At present, no quantitative metric is available for determining the sufficiency of information in the mass spectrum for identification of a sample of an unknown compound. Thus, determination of data sufficiency is currently left to the forensic analysts interpretation, which may vary with the skill and experience of the analyst as well as the quality of the sample. Developing and validating such a quantitative measure will provide baseline information for forensic laboratories to use in interpretation of mass spectra.
However, there are challenges in meeting this goal. One is that the characteristic mass spectral pattern of a given substance is not constant from very low to very high concentrations. The other is that contamination and/or background noise may also change the mass spectral pattern, and do so differentially depending on the concentration. Identification difficulty also arises from the sparsity of reference standards and resulting library data. This is also an acute problem for novel substances such as synthetic opioids.
Two aspects are identified as critical to developing a quantitative measure of sufficiency: the quality and quantity of information in the mass spectral library and the experience of the analyst in the interpretation of that data. The goal of this project is to factor in these two critical elements when developing sufficiency thresholds for mass spectral data.
By treating a mass spectrum as a pattern, it is possible, both mathematically and statistically, to characterize accurately the spectral pattern variation that is solely attributable to dilution effect and to define limits on the variation in pattern (regardless of source) that allow accurate identification.
Selected known standards of natural opiates, semi-synthetic and synthetic opioids will be assessed to provide insight into the effect of concentrations, adulterants, and mixtures on the quality of mass spectral data. Additionally, we will present varying experienced forensic chemists with a series of questionnaires to test pattern recognition challenges.

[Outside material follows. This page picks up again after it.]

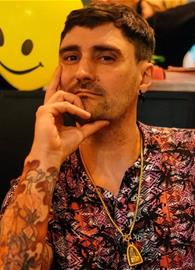 danieldemontreal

To evaluate the analyst identification process, analyst will be given spectra constructed to increase variances of opinion to determine the sufficiency of information needed for an identification.
We anticipate that the results and methodology from this project will be applicable to other forensic disciplines that utilize mass spectral data.
Note: This project contains a research and/or development component, as defined in applicable law, and complies with Part 200 Uniform Requirements - 2 CFR 200.210(a)(14).